**WHAT YOU HAVE TO DO**:
Report only how many lines of the records contain the word "Gold".

(Collected data entries)
*-*-*

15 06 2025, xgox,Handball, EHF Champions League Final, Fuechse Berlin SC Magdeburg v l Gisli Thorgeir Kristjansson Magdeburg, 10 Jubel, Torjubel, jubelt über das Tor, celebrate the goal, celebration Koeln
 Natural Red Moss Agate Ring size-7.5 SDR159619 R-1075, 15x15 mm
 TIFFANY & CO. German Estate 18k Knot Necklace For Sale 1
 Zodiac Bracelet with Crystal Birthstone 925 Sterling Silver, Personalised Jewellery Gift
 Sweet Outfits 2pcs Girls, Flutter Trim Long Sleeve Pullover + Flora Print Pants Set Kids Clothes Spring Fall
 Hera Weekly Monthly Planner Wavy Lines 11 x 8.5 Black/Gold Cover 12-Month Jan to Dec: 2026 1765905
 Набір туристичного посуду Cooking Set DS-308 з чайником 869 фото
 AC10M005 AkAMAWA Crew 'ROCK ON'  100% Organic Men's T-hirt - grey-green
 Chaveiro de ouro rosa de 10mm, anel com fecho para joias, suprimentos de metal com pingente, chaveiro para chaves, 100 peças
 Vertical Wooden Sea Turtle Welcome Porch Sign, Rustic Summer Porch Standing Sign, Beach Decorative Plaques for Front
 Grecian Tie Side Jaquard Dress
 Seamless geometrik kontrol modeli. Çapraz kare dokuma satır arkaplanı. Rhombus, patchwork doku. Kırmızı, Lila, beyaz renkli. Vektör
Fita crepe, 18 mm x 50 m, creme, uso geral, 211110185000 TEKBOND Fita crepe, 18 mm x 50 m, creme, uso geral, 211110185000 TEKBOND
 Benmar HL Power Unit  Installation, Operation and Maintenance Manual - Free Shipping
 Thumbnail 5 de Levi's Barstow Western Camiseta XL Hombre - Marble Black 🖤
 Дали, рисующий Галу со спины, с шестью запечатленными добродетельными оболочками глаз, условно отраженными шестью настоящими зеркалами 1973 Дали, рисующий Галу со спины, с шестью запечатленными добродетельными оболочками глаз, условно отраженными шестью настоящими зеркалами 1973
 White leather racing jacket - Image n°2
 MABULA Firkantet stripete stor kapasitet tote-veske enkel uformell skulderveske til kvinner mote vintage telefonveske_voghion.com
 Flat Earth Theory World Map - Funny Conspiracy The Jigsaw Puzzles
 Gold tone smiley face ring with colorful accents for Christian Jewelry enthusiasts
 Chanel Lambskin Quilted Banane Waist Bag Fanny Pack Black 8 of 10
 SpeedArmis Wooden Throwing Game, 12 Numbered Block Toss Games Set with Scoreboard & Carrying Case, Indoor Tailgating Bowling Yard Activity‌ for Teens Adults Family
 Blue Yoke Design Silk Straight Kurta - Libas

*-*-*

**EXERCISE RESULT**:
2